- Genre: Animated television special
- Created by: Charles M. Schulz
- Written by: Charles M. Schulz
- Directed by: Phil Roman
- Voices of: Arrin Skelley Daniel Anderson Michelle Muller Ronald Hendrix Laura Planting Roseline Rubens Sarah Beach Casey Carlson Gail M. Davis Hilary Momberger Bill Melendez
- Theme music composer: Vince Guaraldi
- Opening theme: "Linus and Lucy"
- Composers: Ed Bogas Judy Munsen Vince Guaraldi
- Country of origin: United States
- Original language: English

Production
- Executive producer: Lee Mendelson
- Producer: Bill Melendez
- Editors: Chuck McCann Roger Donley
- Running time: 24 minutes
- Production companies: Lee Mendelson Film Productions Bill Melendez Productions

Original release
- Network: CBS
- Release: October 24, 1977

Related
- It's Arbor Day, Charlie Brown (1976); What a Nightmare, Charlie Brown! (1978);

= It's Your First Kiss, Charlie Brown =

1977 television special

It's Your First Kiss, Charlie Brown is the 16th prime-time animated television special based on the comic strip Peanuts by Charles M. Schulz. It originally aired on October 24, 1977, on the CBS-TV network. In this special, Charlie Brown worries when he is chosen to kiss his crush in a homecoming parade.

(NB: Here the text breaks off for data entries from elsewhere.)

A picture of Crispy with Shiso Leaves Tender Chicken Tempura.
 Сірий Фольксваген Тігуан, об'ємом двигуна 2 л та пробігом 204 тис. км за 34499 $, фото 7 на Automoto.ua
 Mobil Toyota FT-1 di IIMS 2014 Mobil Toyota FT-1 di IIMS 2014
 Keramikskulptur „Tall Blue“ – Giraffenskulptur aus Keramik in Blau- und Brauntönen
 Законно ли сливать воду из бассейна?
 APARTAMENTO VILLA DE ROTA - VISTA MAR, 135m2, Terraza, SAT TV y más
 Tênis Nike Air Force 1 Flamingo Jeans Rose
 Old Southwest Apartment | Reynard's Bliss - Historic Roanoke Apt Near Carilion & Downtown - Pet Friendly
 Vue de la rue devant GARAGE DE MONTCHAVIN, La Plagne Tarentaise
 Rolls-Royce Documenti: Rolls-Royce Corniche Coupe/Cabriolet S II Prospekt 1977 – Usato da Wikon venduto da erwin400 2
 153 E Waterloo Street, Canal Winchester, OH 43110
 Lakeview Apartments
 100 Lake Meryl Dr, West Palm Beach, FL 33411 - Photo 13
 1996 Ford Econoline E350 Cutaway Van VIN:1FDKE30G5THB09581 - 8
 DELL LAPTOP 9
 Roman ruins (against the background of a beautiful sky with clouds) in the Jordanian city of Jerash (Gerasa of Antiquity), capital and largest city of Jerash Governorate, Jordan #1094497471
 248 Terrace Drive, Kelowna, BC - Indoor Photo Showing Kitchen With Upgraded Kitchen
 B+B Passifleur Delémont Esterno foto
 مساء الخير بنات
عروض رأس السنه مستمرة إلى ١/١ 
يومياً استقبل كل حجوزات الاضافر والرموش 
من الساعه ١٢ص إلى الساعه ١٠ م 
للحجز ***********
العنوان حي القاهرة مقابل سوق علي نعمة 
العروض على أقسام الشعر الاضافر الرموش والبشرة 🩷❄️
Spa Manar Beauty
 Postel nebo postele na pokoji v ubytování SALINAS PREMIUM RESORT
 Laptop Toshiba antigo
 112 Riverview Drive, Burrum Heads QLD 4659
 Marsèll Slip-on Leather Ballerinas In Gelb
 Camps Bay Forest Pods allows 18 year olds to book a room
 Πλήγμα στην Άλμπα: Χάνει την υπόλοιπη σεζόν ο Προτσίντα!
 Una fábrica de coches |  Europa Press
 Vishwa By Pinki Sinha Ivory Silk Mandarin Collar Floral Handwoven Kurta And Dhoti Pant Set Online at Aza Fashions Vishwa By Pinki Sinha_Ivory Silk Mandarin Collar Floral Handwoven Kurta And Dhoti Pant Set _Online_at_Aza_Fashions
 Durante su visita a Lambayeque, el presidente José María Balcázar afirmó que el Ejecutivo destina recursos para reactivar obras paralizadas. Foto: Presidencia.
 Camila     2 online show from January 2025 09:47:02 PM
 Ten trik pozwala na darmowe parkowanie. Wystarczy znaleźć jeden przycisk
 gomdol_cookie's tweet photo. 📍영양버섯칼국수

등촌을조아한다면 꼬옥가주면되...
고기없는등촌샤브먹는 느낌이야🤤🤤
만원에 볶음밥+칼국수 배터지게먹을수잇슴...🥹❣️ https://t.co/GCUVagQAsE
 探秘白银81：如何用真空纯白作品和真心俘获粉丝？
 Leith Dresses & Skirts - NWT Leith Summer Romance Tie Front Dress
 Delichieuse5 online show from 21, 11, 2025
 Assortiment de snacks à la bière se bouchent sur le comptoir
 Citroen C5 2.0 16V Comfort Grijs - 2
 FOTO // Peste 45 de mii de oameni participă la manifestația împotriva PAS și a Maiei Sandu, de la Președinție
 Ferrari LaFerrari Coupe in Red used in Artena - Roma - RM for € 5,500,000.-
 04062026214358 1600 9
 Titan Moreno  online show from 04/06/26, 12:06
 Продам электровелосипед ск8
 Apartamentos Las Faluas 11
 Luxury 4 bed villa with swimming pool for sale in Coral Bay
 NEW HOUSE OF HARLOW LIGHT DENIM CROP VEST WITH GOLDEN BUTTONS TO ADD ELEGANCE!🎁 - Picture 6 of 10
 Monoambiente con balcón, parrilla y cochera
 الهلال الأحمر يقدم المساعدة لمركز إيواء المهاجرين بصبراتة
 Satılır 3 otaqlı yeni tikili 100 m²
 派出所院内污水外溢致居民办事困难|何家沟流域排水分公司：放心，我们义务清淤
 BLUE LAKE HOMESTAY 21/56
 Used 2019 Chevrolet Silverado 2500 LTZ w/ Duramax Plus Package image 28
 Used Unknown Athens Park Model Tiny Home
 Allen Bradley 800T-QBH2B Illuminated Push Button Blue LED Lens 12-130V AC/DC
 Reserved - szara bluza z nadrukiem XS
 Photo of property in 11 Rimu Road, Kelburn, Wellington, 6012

The special was directed by Phil Roman and produced by Bill Melendez. It was the first Peanuts television special produced following the death of composer and jazz pianist Vince Guaraldi, who died on February 6, 1976, a year before the special began airing. Following Guaraldi's death, the music was composed by Ed Bogas.

==Plot==
Charlie Brown's school has their annual Homecoming parade and football game. He and Linus, as well as their team, would serve as the escorts for the Queen and her court. During the parade, Linus mentions that Charlie Brown himself will be escorting the Queen who, to Charlie Brown's shock, is the Little Red-Haired Girl herself, revealed to be Heather. But when Linus adds the Homecoming tradition of giving the queen a kiss in front of everyone before the first dance, Charlie Brown hyperventilates and falls off the float.

The game begins with Charlie Brown as kicker and Lucy as his placekick setter. But even in a real football game, Lucy still humiliates Charlie Brown, pulling the ball away four times during the game as he tries to kick it, including a crucial field goal attempt in the last thirty seconds. The team loses by one point, and Charlie Brown is wrongfully blamed by team captain Peppermint Patty, joined by Lucy and Frieda at the ballroom that evening. Despite the indignity, Charlie Brown remains faithful to his duty and escorts Heather to the middle of the dance floor, and then summons the courage to kiss her on the cheek. From that moment forward Charlie Brown is in a euphoric state until, the first thing he knows, he finds himself falling into his own bed.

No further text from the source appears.